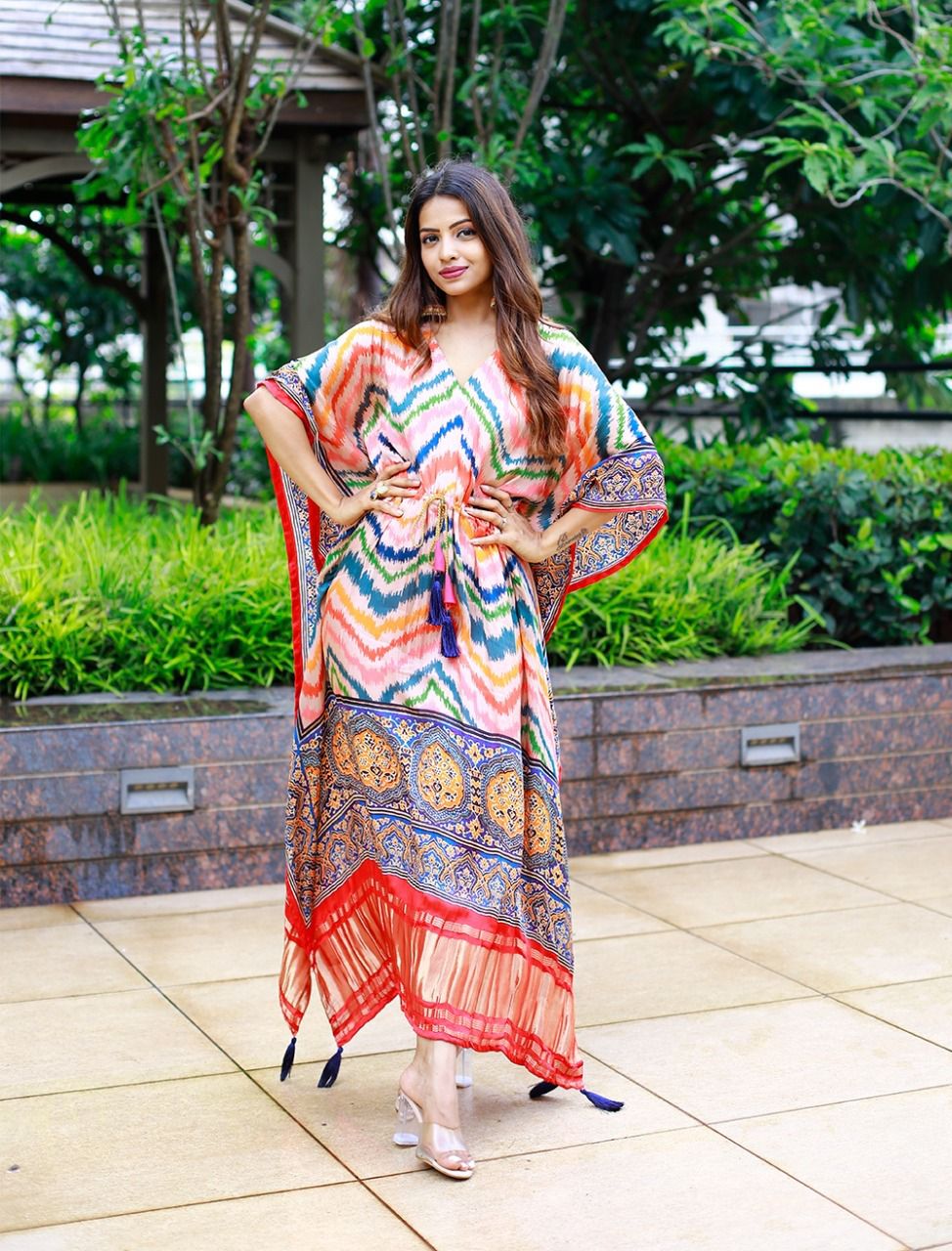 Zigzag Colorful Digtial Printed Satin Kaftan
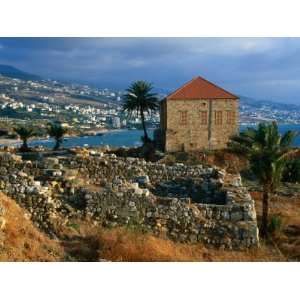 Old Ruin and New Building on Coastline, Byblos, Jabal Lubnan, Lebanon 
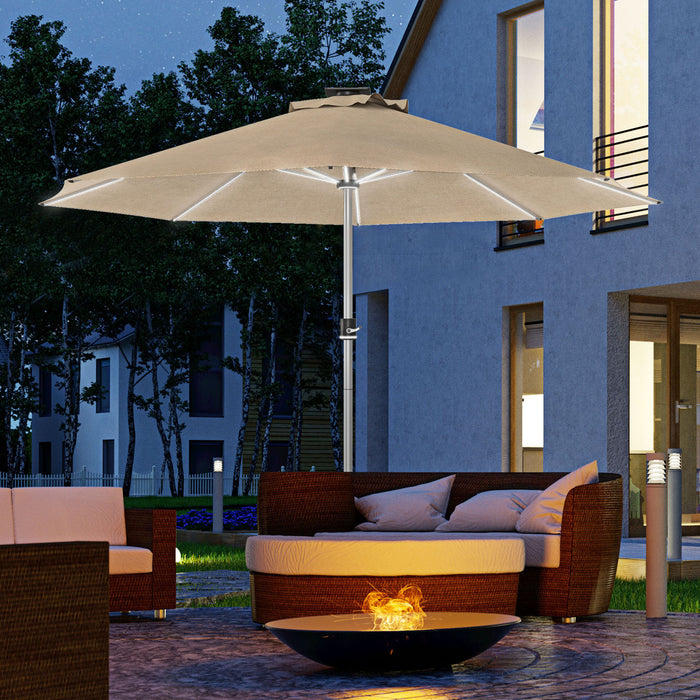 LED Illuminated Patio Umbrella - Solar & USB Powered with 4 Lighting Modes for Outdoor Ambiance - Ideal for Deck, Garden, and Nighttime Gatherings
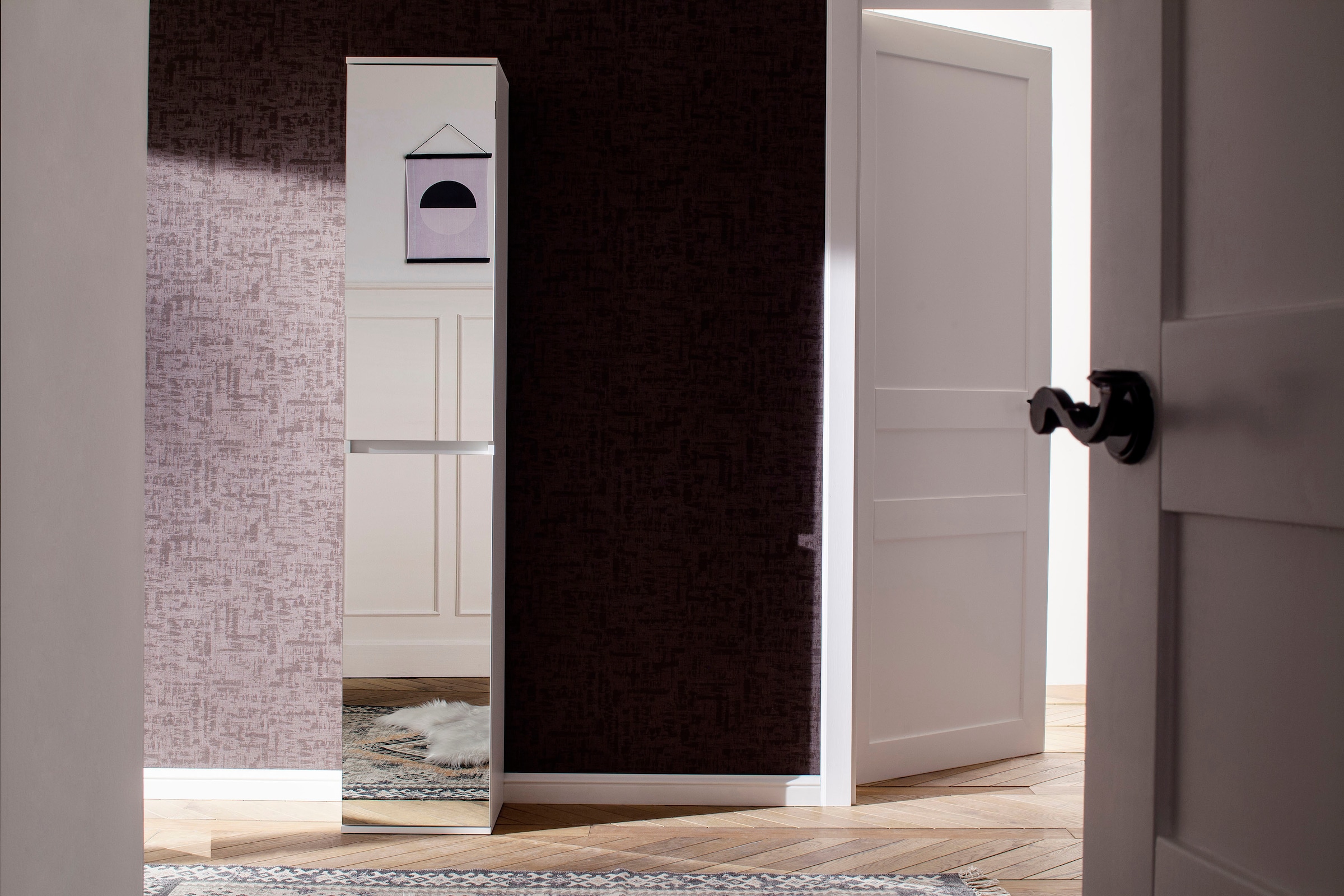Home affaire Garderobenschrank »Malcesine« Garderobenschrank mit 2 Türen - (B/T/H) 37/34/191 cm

* PROBLEM *
Output each line above exactly. Skip the images.

* TASK ANSWER *
 Zigzag Colorful Digtial Printed Satin Kaftan
 Old Ruin and New Building on Coastline, Byblos, Jabal Lubnan, Lebanon 
 LED Illuminated Patio Umbrella - Solar & USB Powered with 4 Lighting Modes for Outdoor Ambiance - Ideal for Deck, Garden, and Nighttime Gatherings
Home affaire Garderobenschrank »Malcesine« Garderobenschrank mit 2 Türen - (B/T/H) 37/34/191 cm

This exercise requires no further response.